Margaret wears an icy blue dress and matching evening coat that recall young glamorous Margaret’s New Look heyday (the early Vanessa Kirby episodes), holding onto her dignity “for dear life, really,” Amy adds, before having to give in and wear pleated elastic-waist dresses. Her colour palette gets softer and pastel, with silk scarves gently draped over her shoulders instead of stylishly tied and placed just so, with a more childish effect: “slightly more soft edged, not razor sharp any more.” Episode 8’s teasing, needling, loving lifelong bond between the devoted sisters is arguably made all the more touching given the current rift between their contemporary counterparts.

 

 

The Once and Future Queen

 

Our brief costume chat is coming to an end, but I simply must get a last question in, about the future Princess of Wales. We see a little bit of Kate Middleton (Meg Bellamy) as a teen and, later, at the University of St. Andrew’s in Scotland (where she and future husband Prince William first met). It’s striking how her self-possession is communicated succinctly through conservative tailoring (well, except for That Dress), notably out of step with the fashions of the naughties. “I think it’s really interesting,” Sidonie adds, as she unpacks their costume choices, “because we’re telling the story with her mother, Carole.” I laughed out loud, for example, at a scene when Kate tells her scheming mother she is, “worse than Mrs. Bennett.”

 

Meg Bellamy as Kate Middleton in a sheer dress during a college fashion show for which Prince William was in attendance. Photo: Netflix
Bellamy as Kate Middleton and Ed McVey as Prince William. The final season of The Crown depicts the future king and queen in the early years of their courtship. Photo: Justin Downing/Netflix

 

We’re introduced to the mother and daughter in a shopping scene where, instead of an eye-catching spangled party dress, Kate gets chided for selecting a sedate outfit. “You’re 15, not 50 years old!” Sidonie repeats with a chuckle; “the mom’s younger than the daughter. And actually, interestingly, their wardrobes when we first fitted them were interchangeable. So we had some things in Carole’s [costume] rail and then some things that we then tried on Kate.

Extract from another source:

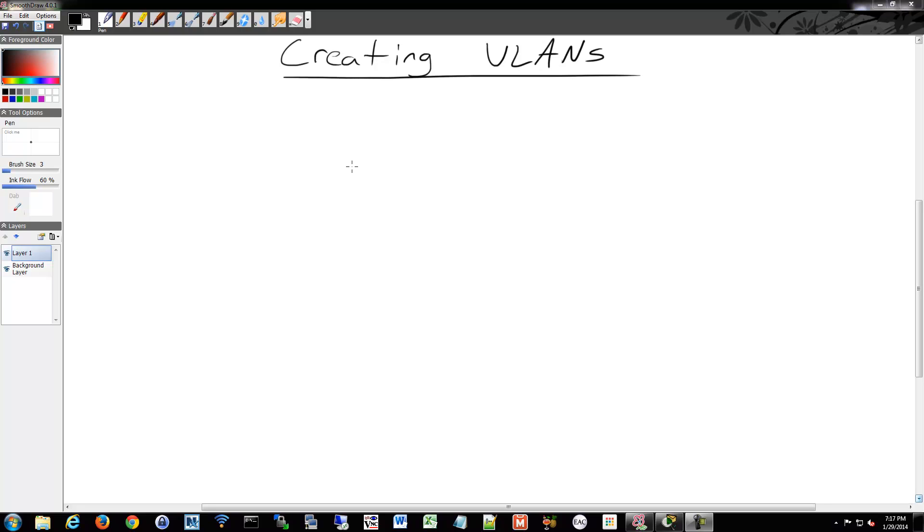Let's go ahead and create some VLANs. We discussed the basics of VLANs prior, but now that we're getting to the point where we're about to configure them, I have a couple more points to go over before we actually start coding them into the switches.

“She’s so equipped for the life that she leads now, isn’t she?,” they muse, in unison. “Whereas, Diana never was. Those neat shapes … waisted shapes and sensible dresses.” 

Even in the naughties period 20 years ago, and especially in relation to other students like Lola (Honor Swinton-Byrne), who is experimenting with expressing identity, “there’s a safeness in what she [Kate] wears … kind of dutiful, dutiful and conservative.” Through costume, the suggestion is that even 20 years ago the future Duchess of Cambridge – now Princess of Wales – was more equipped for the sort of life that awaited Prince William than he was.

Or as Cosmopolitan magazine used to say: Dress for the job you want.